PROBLEM:
Everything in the listing below from the line containing "AMETHYST SQUARE EARRINGS" through the line containing "BTM Set of 2/4/6" must be repeated exactly; the remaining lines are not wanted.

DATA EXTRACT:
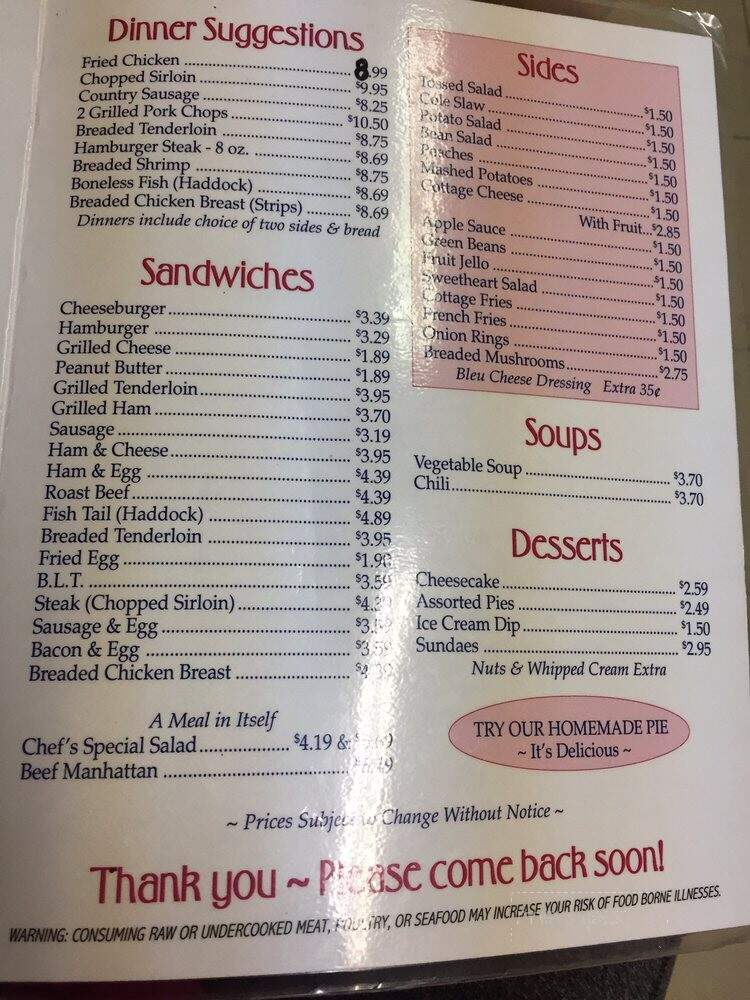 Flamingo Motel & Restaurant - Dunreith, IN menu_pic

---

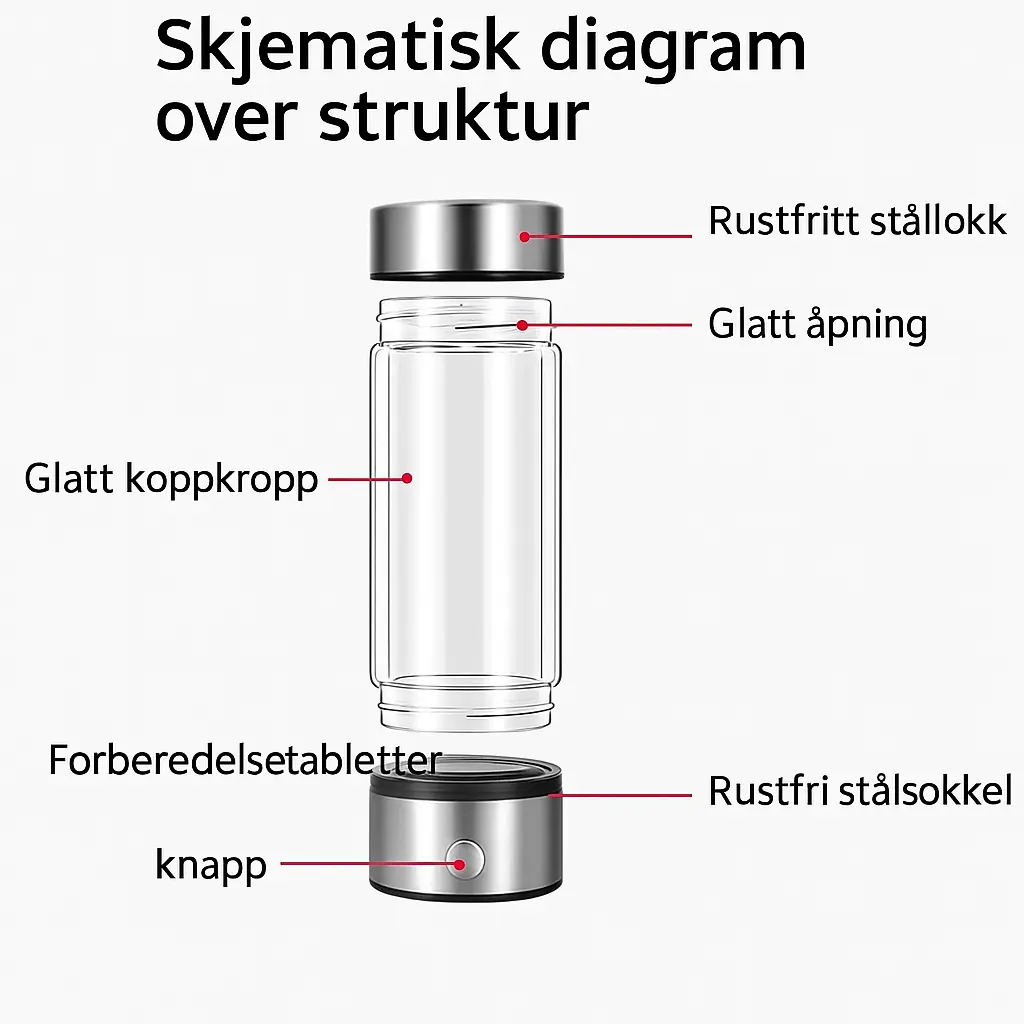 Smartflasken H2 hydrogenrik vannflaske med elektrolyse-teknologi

* * *

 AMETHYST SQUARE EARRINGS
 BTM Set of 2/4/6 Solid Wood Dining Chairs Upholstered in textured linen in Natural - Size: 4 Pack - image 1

RESPONSE TO THIS EXERCISE:
 AMETHYST SQUARE EARRINGS
 BTM Set of 2/4/6 Solid Wood Dining Chairs Upholstered in textured linen in Natural - Size: 4 Pack - image 1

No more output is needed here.